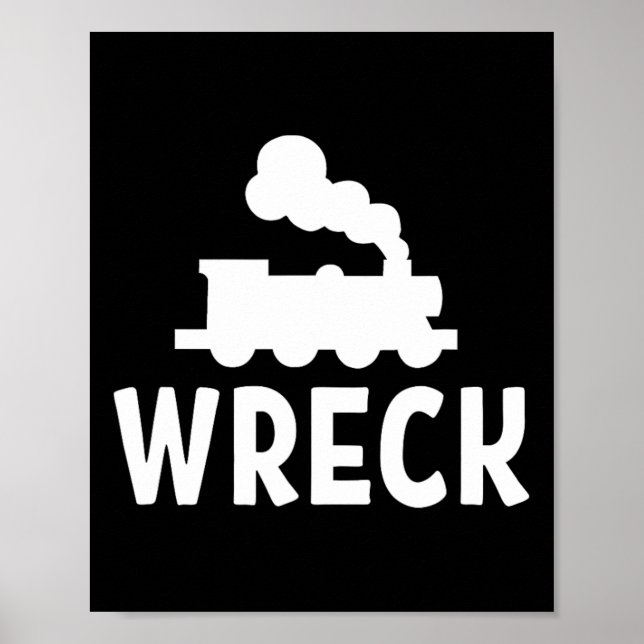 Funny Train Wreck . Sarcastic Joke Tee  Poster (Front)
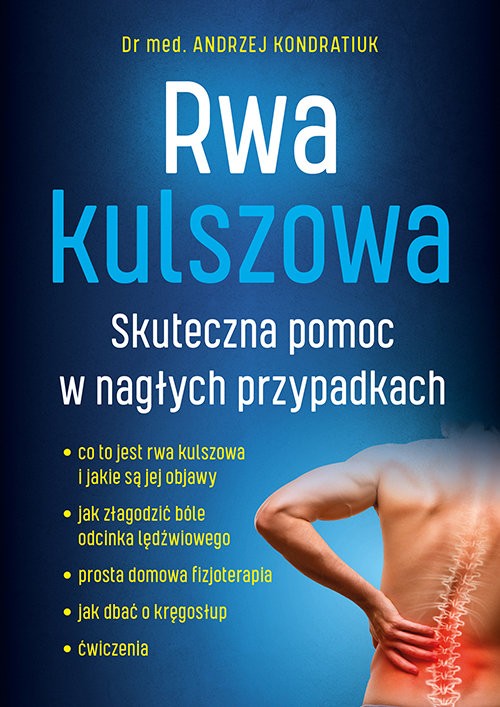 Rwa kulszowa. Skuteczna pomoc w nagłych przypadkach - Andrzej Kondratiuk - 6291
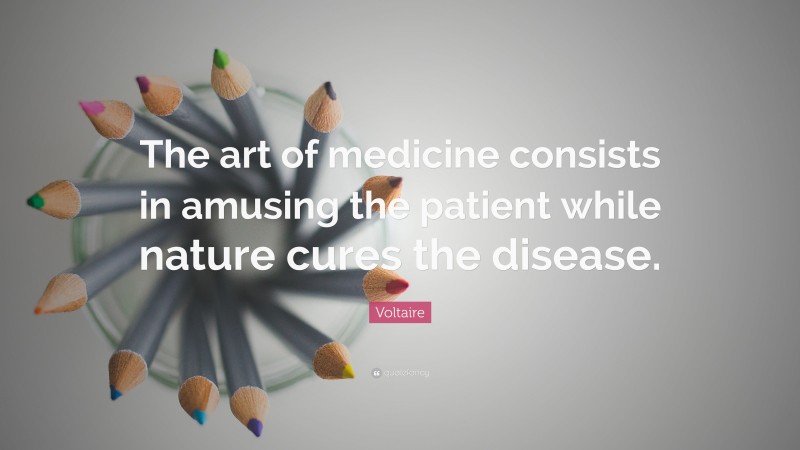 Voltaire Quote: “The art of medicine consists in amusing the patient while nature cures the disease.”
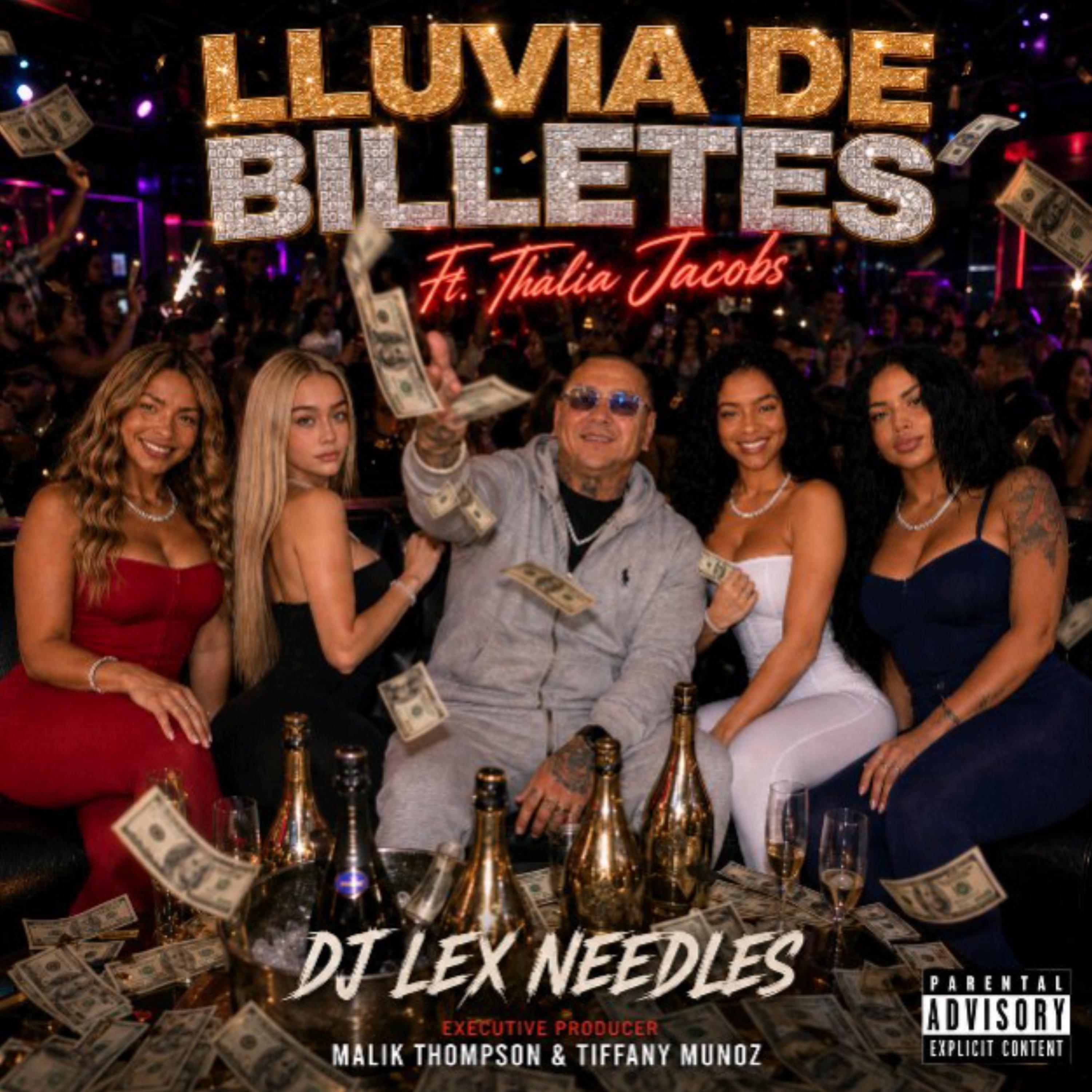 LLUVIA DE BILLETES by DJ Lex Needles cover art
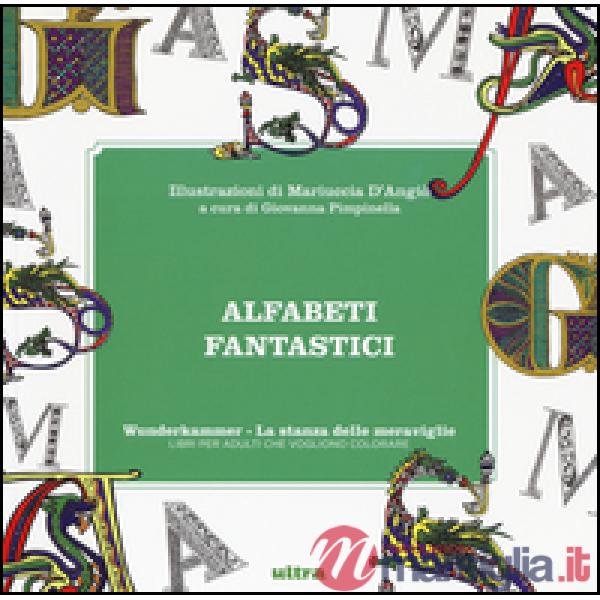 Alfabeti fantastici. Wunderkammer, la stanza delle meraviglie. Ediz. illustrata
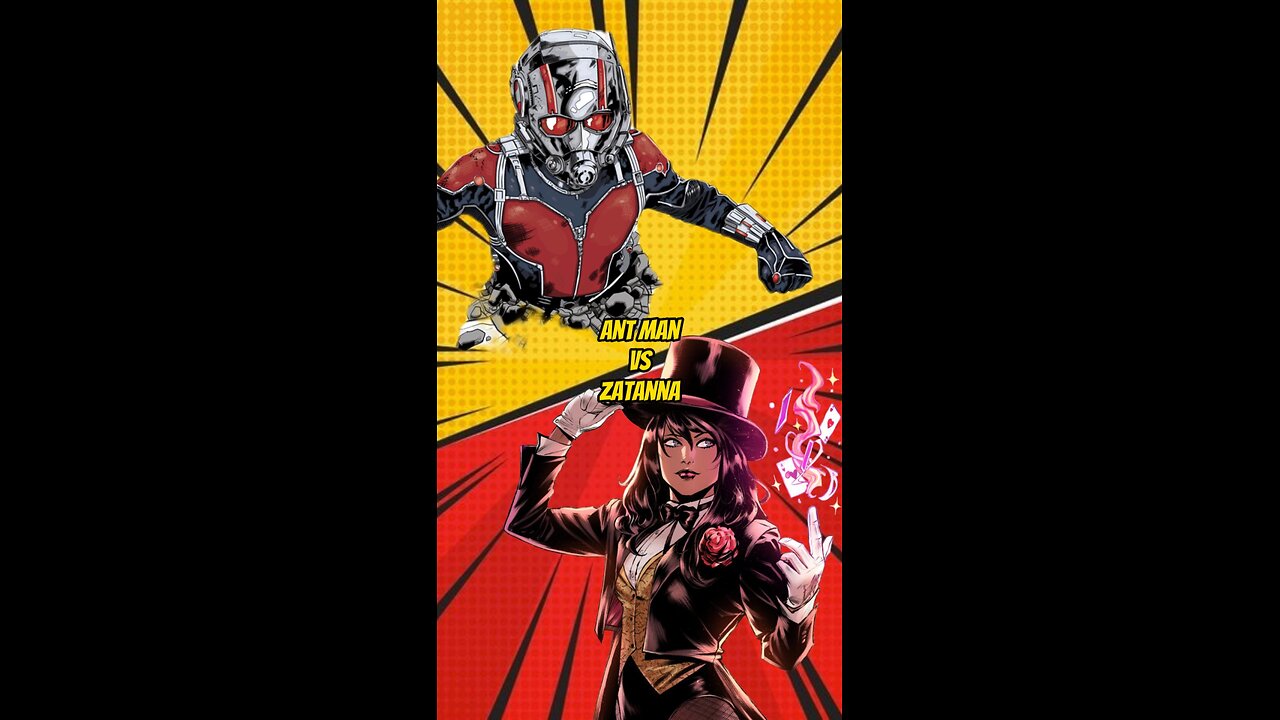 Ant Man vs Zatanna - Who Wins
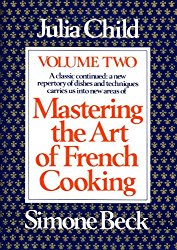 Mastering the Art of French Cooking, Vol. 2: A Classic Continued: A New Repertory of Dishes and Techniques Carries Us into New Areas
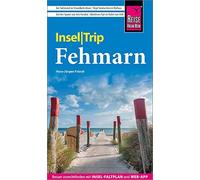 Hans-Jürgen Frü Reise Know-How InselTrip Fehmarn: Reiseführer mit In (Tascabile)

______

▸ What to work on
When you transcribe the lines above, keep every word exact but leave the pictures behind.

▸ Written response
 Funny Train Wreck . Sarcastic Joke Tee  Poster (Front)
 Rwa kulszowa. Skuteczna pomoc w nagłych przypadkach - Andrzej Kondratiuk - 6291
 Voltaire Quote: “The art of medicine consists in amusing the patient while nature cures the disease.”
 LLUVIA DE BILLETES by DJ Lex Needles cover art
 Alfabeti fantastici. Wunderkammer, la stanza delle meraviglie. Ediz. illustrata
 Ant Man vs Zatanna - Who Wins
 Mastering the Art of French Cooking, Vol. 2: A Classic Continued: A New Repertory of Dishes and Techniques Carries Us into New Areas
 Hans-Jürgen Frü Reise Know-How InselTrip Fehmarn: Reiseführer mit In (Tascabile)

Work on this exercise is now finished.